Indisputably, in the world of terror the greatest team has been Syrian terrorists and Iranian funding. It was this team, for instance, that was almost certainly responsible for the Lockerbie bombing; a revenge attack for the Iranian airbus shot down, over the Gulf, by a US warship a couple of years earlier.
*
Please forgive me if I indulge in a small aside here. The excellent
Private Eye special report written by the late Paul Foot,
Lockerbie: The Flight From Justice highlights the considerable evidence for this at the time. Around the time of the first Gulf War, when we needed the Iranians onside, all investigations into the Lockerbie affair were quietly dropped. When they resumed after the war, it was found that several imcriminating bits of evidence had been "misplaced". Two things about the affair
are certain: firstly, the man who is currently serving 27 years in a Scottish prison did not do it. Secondly, the politicians who organised, and the spooks who were present at, the trial (which was described by the UN observer, a Chilean professor whose report was printed in full in the
Eye report, as having brought "the entire Scottish legal system into disrepute")

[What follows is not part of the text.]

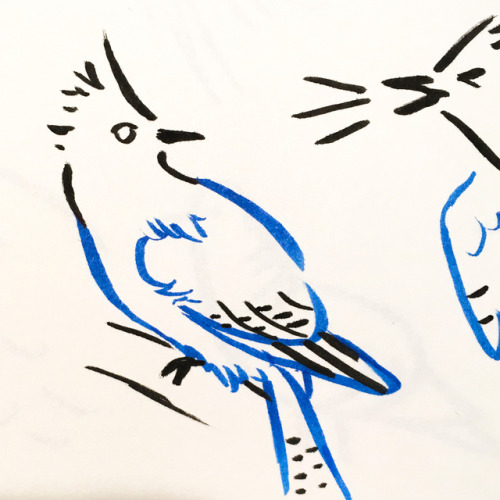 #inktober Steller’s jays! Little sketches in increasingly minimalistic styles. Drawn with micron bru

know that he did not do it. Libya agreed to go along with the whole thing because it would get them back onto the USA's trading list: that was the deal. And when you consider the amount that Libya could get out of trading with the US, the £6 billion compensation to the victims is a paltry sum.*
The White House really wanted to go for Iran, a radical Muslim state who were continuing to develop nuclear weapons and who were, in any case, the biggest funder of terrorism in the world, providing money and resources to Hamas, Hezbollah and Al-Qa'ida (which is, in any case, more of a philosophy than a concrete organisation as such), amongst others. However, there were two severe problems. Firstly, Iran was militarily far superior to Iraq, whose army had been decimated, discredited and demoralised by the first Gulf War and ten years of sanctions. If this were the only stumbling block, I don't believe that the US would have held back.

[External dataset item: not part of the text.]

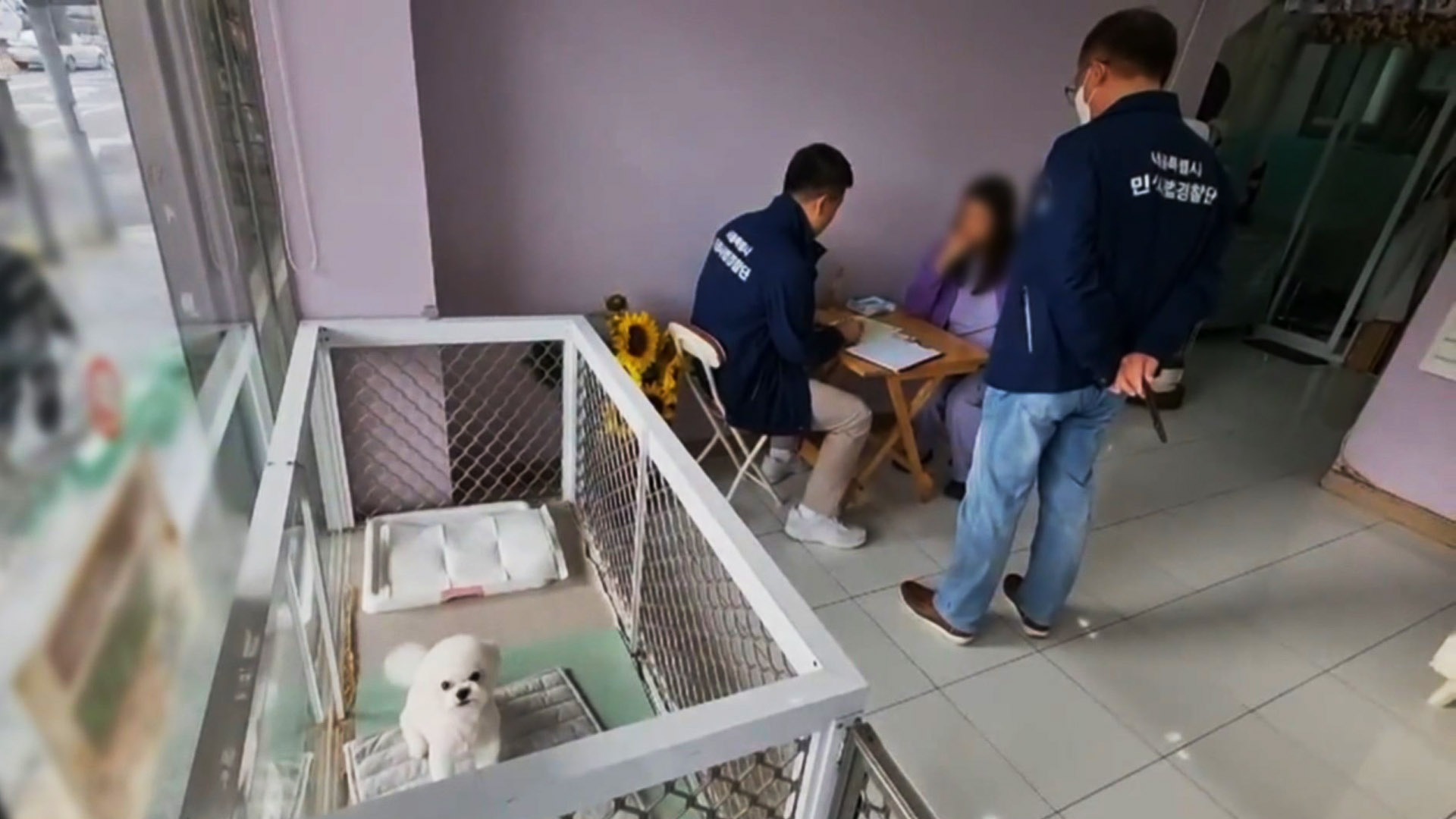 주방이 고양이 놀이터?…서울시, 동물보호법 위반업소 41곳 적발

The second reason was far more problematic: Iran was, and is, a fundamentalist Islamist state run, in all but name, by a collective of radical Mullahs who farm out parts of its economy to themselves; much as the alien family runs the town in Diana Wynne Jones'
Archer's Goon. Although there have been elections, of both government and president, in Iran recently, this is no more than window-dressing. The power has never, actually, shifted away from the clerics who have controlled the country since the revolution.
By contrast, Saddam Hussein was embattled and shackled, forced to resort to corrupting UN officials to get money through the Oil For Food scam. Furthermore, ideologically he was isolated. As a Sunni , an essentially secular form of Islam, Saddam was isolated ideologically as well as economically. This was, and is, not the case with Iran.
If the US had decided to invade Iran, the other radical Islamic nations would have been compelled to support her. Allah must not be mocked, and it would be unthinkable that the Muslim government of Iran be toppled. It might even give ideas to the increasingly restless populations of the other Arab states, such as Saudi Arabia (where unemployment is running at roughly 18%). Immediately after the Afghan War, when the US was casting about for its next target, Saudi investors suddenly started withdrawing huge numbers of investments (especially university endowments; one of the reasons that the academic world in the US, in any case socialist in tendency, is so hostile to Bush); it was a warning. Even if the other Arab nations did not actively join in militarily, they would at least have to support Iran financially and politically. They could not have done otherwise. The Taliban could be allowed because they were
too radical and may even have become a threat to the other Muslim nations (which is why they were never supported financially); Saddam was too moderate, and not considered a proper Muslim anyway.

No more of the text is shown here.